Figure 2. If you’re looking to climb A3 or harder, be prepared to play the expando game.
The term “Expando” refers to any crack or flake that moves when pressured. These fissures can run the gamut from huge, creaky flakes to micro splitter cracks. On hard aid, carelessly nailing into expanding cracks might be the quickest way to send yourself for the big ride. When I’m on a nail-up, I look at every crack as if it’s potentially expanding. When you nail a piton into a crack, you’re exerting great pressure on the rock. Even if a crack appears splitter, you might actually be hanging on a huge exfoliated sheet of rock that can shift relative to the wall underneath. RPs and copperheads, used for the thinnest of thin, rely on precise surface contact. If that surface shifts even a fraction of a millimeter, and you are weighting that piece, it will rip. Here are a few tips that may help you the next time you encounter an expanding crack. First of all, is the crack big enough to take TCUs? If so, you’re lucky, because unlike pitons, nuts, and heads, camming devices can expand with the crack. If you flex the crack open while standing on a cam, the cam probably won’t blow. Whenever possible, aid expando sections on cams. If the crack is too thin for TCUs, more sophisticated trickery is required. I like to smack in the biggest pin possible at the start of any expando section. This helps take out some of flake’s expansion range and hopefully will also provide at least one piece of good protection.

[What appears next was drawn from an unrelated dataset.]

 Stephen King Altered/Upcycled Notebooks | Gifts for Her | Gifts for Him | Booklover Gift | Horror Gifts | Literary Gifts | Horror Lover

Next, look at the crack and come up with a plan of attack. Are you going to nail it, nut it, copperhead it, or a combination of all three? Usually, if I start with pins, I like to stay with pins. I try not to overdrive or oversize, and I tilt the pins slightly upward (Figure 1), assuming that they will shift downwards a bit as the crack expands. Most importantly, I daisy in tight to the piece I’m placing, just in case the one I’m on pulls. If the piece I’m on really looks like it’s about to blow, I shift my weight onto the top piece and whale it in as hard and as far as I can (Figure 2). If you decide to go with copperheads and nuts, know that you’ll probably have to stay with this type of placement for the duration. The single most important thing to avoid is nailing a pin above a thin nut or head, since this is sure to expand the crack enough to cause your lower placement to blow. Be careful, too, because even a head can expand a crack, especially if you’re trying to slam in a #3 above a #1 or #2 head. Say you’re on a dicey #2 copperhead in an expanding crack, and the next placement looks like it’s going to have to be a piton. First, consider a cam hook. Provided the flake is not horribly loose, body weight on the cam hook shouldn’t be enough to blow the piece you’re on. Another option is to find a hook placement on the face. Hooks are immune to expando because they’re not placed in the crack. From a sound hook, you can whale in a pin without compromising the placement supporting your weight. If you must drive a pin above a delicate expando placement, daisy in tight to the pin you’re placing. Use free-climbing face holds, if possible, to help take some weight, and be ready to start swinging hard if the head suddenly blows.
Figure 1. Placing the pin with a slight upward angle can help keep it from rotating into a likely-to-blow downward orientation.